**Task item:** Return the records exactly as they appear below, omitting the pictures.

**Brief descriptive captions:**
======

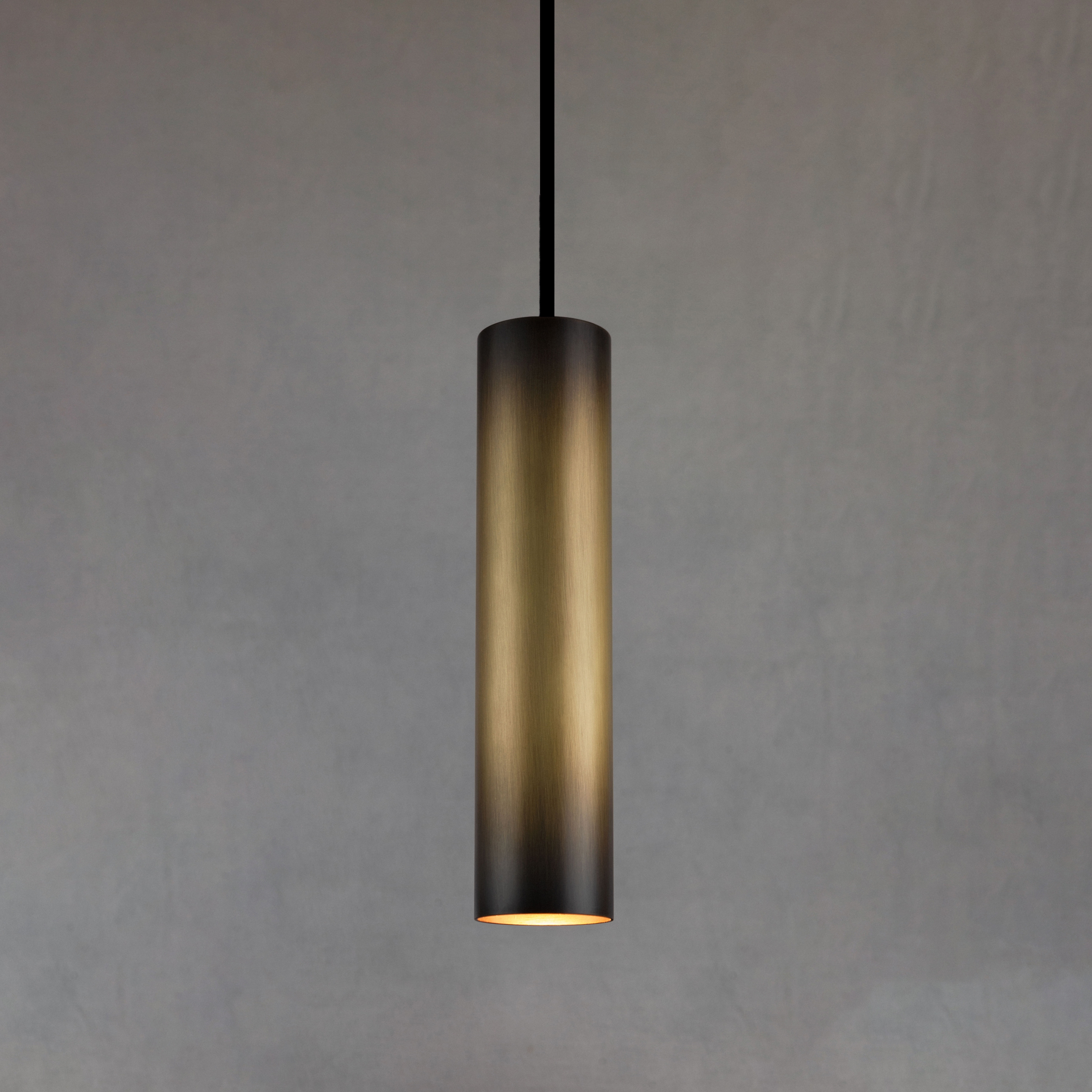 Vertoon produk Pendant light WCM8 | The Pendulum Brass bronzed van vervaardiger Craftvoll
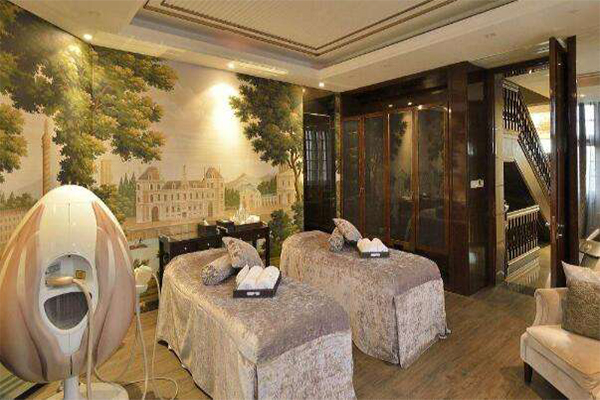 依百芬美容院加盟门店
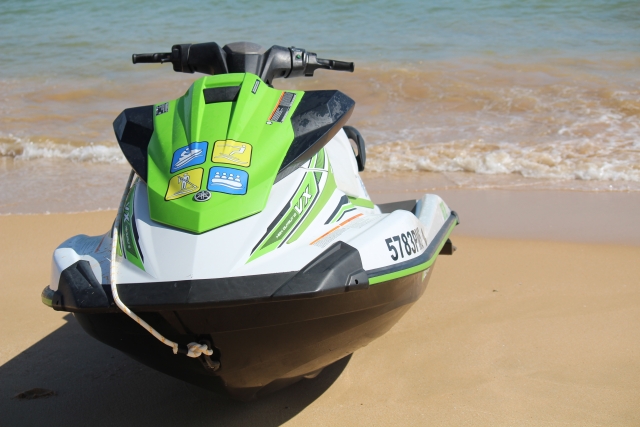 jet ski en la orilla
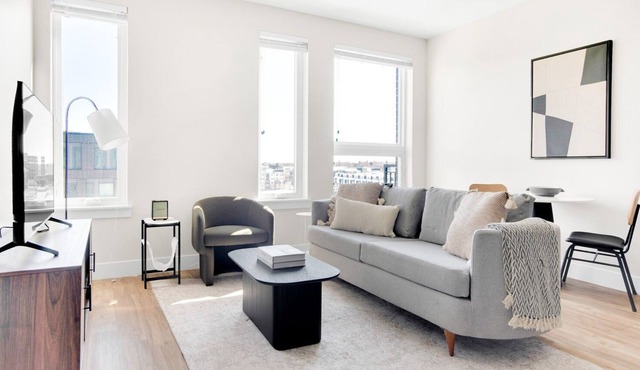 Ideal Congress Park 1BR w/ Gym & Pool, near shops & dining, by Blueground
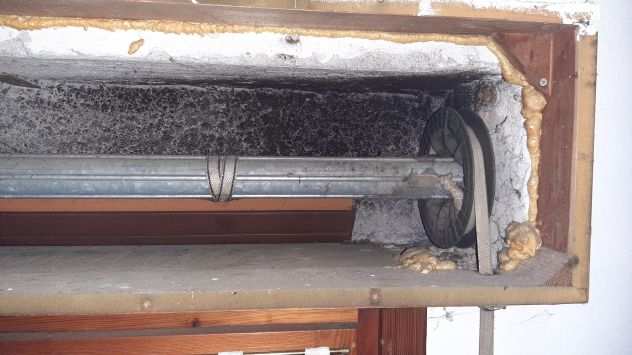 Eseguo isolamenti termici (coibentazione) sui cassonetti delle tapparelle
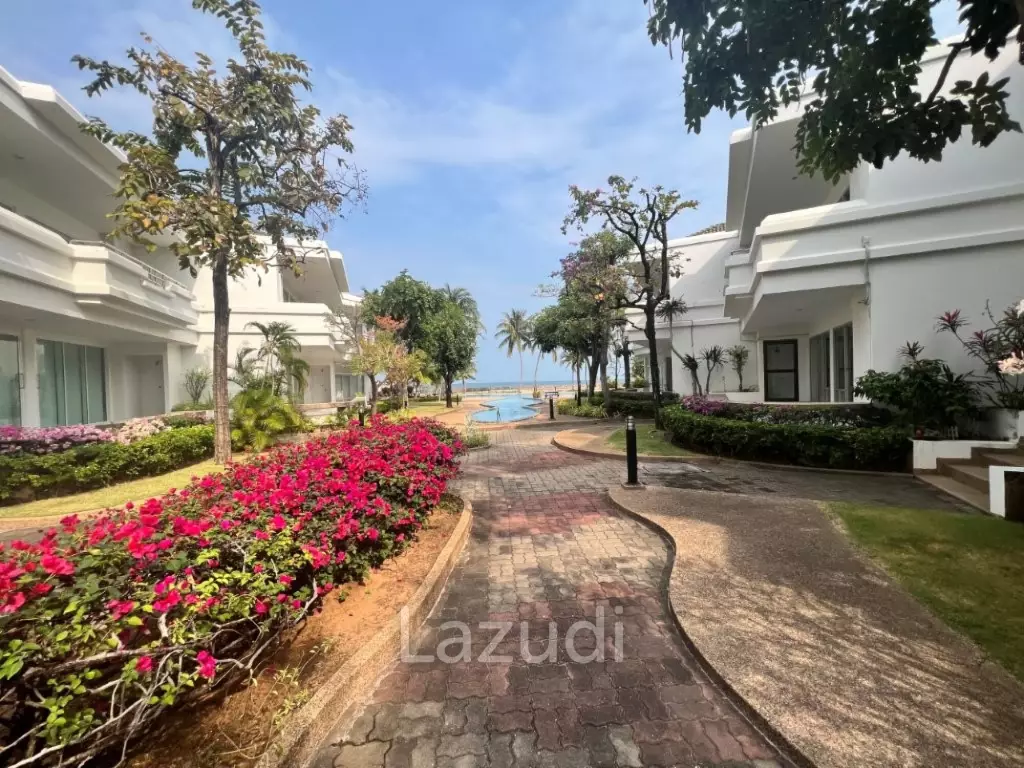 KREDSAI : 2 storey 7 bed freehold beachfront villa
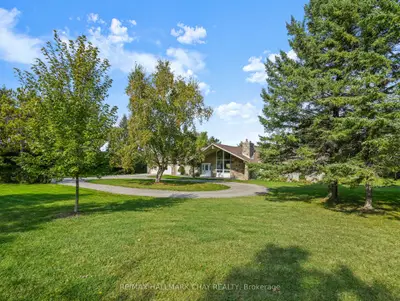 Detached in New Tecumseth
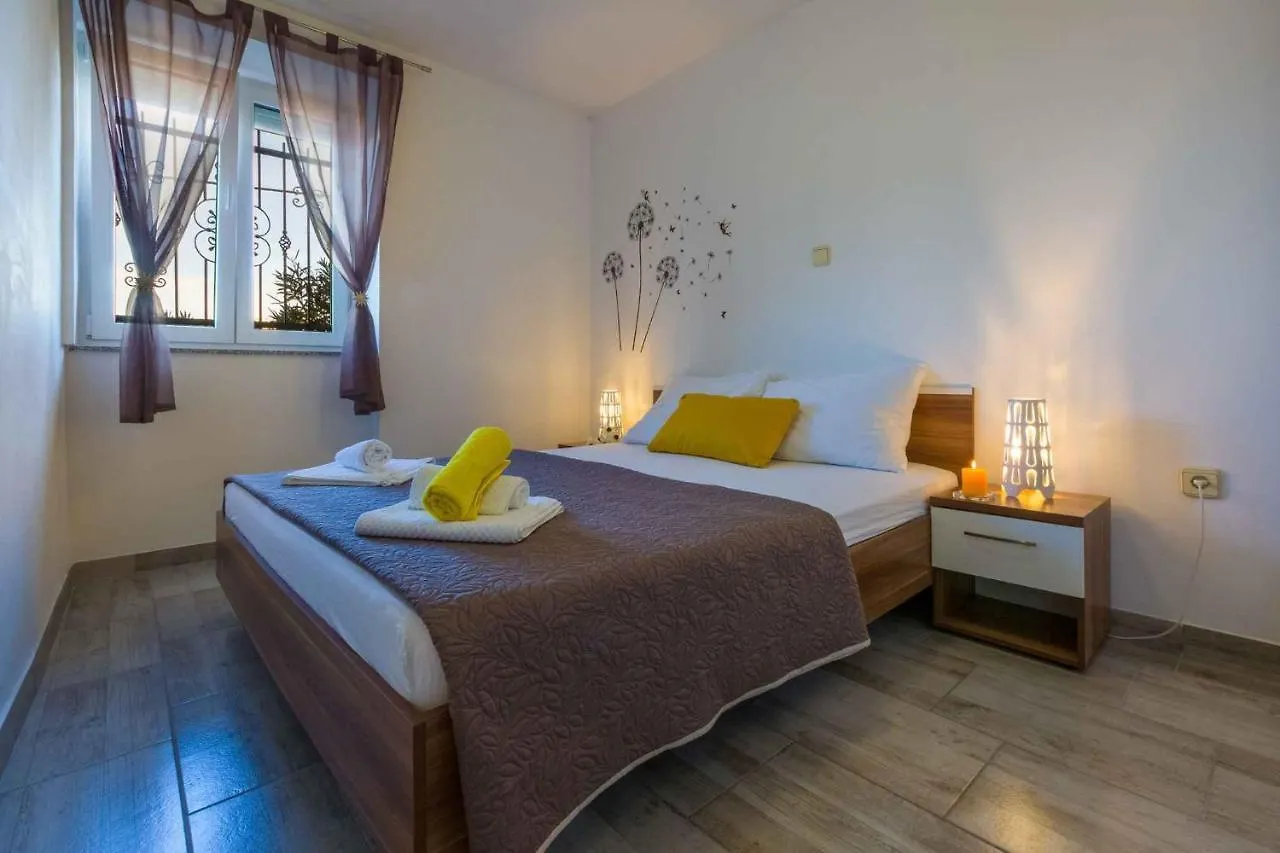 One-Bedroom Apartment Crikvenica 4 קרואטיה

======

**Your solution:**
 Vertoon produk Pendant light WCM8 | The Pendulum Brass bronzed van vervaardiger Craftvoll
 依百芬美容院加盟门店
 jet ski en la orilla
 Ideal Congress Park 1BR w/ Gym & Pool, near shops & dining, by Blueground
 Eseguo isolamenti termici (coibentazione) sui cassonetti delle tapparelle
 KREDSAI : 2 storey 7 bed freehold beachfront villa
 Detached in New Tecumseth
 One-Bedroom Apartment Crikvenica 4 קרואטיה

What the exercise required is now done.